▸ **To do**
Leave out the lines before the one with "V-Glutation Plus |"; output that line and all remaining lines of the records exactly.
* * * * * * * * *
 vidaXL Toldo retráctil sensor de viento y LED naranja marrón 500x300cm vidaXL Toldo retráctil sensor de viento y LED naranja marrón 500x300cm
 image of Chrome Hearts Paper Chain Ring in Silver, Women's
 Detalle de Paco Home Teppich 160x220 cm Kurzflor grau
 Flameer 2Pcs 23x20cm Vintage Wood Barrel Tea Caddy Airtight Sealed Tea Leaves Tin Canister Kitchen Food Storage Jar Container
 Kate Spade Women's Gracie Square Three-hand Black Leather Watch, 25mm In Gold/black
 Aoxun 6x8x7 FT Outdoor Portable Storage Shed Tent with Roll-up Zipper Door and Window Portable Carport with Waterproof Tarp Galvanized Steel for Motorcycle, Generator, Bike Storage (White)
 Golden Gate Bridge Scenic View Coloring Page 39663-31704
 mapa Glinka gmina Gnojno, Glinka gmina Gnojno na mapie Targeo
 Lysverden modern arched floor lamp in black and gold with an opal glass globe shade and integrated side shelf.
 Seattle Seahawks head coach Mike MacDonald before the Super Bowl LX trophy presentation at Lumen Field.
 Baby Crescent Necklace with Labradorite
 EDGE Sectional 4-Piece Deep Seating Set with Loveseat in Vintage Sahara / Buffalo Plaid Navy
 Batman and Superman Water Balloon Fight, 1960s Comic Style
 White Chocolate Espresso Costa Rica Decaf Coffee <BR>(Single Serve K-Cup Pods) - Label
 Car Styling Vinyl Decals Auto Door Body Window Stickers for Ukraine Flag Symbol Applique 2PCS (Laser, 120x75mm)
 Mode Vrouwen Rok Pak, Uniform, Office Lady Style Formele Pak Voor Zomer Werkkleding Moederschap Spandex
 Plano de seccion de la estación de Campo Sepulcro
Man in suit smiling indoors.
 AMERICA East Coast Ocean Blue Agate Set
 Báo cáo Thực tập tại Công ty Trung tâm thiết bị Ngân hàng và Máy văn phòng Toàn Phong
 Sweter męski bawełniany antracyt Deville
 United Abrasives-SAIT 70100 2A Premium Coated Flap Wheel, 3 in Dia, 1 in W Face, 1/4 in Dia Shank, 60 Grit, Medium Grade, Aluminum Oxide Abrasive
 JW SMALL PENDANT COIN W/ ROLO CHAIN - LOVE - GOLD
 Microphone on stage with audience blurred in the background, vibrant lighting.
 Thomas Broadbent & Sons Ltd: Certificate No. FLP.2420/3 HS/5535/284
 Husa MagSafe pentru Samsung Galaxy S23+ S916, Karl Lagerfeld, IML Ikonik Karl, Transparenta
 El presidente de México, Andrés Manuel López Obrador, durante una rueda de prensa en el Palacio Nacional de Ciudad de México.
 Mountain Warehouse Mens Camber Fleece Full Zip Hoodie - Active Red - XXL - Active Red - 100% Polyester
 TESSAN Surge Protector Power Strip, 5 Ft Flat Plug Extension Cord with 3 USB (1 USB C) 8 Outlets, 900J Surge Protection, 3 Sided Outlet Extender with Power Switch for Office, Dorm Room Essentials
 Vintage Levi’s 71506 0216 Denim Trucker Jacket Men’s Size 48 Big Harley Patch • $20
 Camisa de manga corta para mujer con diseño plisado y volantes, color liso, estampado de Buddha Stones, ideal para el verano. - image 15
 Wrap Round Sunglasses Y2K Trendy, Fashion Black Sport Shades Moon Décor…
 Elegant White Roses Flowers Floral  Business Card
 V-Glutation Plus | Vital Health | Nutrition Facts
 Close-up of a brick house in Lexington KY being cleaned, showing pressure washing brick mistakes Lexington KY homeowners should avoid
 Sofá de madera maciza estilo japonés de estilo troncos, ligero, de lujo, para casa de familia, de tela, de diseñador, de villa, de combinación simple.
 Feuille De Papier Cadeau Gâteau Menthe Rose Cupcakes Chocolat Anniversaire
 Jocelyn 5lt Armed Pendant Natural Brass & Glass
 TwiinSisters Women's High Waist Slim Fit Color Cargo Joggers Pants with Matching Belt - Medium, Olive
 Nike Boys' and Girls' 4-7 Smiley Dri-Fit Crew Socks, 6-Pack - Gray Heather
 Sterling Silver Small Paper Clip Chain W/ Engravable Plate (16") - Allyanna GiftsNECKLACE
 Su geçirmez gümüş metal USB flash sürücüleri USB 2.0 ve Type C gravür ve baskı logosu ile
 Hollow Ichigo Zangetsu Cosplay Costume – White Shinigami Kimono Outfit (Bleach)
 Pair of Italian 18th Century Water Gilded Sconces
* * * * * * * * *
▸ **Result below**
 V-Glutation Plus | Vital Health | Nutrition Facts
 Close-up of a brick house in Lexington KY being cleaned, showing pressure washing brick mistakes Lexington KY homeowners should avoid
 Sofá de madera maciza estilo japonés de estilo troncos, ligero, de lujo, para casa de familia, de tela, de diseñador, de villa, de combinación simple.
 Feuille De Papier Cadeau Gâteau Menthe Rose Cupcakes Chocolat Anniversaire
 Jocelyn 5lt Armed Pendant Natural Brass & Glass
 TwiinSisters Women's High Waist Slim Fit Color Cargo Joggers Pants with Matching Belt - Medium, Olive
 Nike Boys' and Girls' 4-7 Smiley Dri-Fit Crew Socks, 6-Pack - Gray Heather
 Sterling Silver Small Paper Clip Chain W/ Engravable Plate (16") - Allyanna GiftsNECKLACE
 Su geçirmez gümüş metal USB flash sürücüleri USB 2.0 ve Type C gravür ve baskı logosu ile
 Hollow Ichigo Zangetsu Cosplay Costume – White Shinigami Kimono Outfit (Bleach)
 Pair of Italian 18th Century Water Gilded Sconces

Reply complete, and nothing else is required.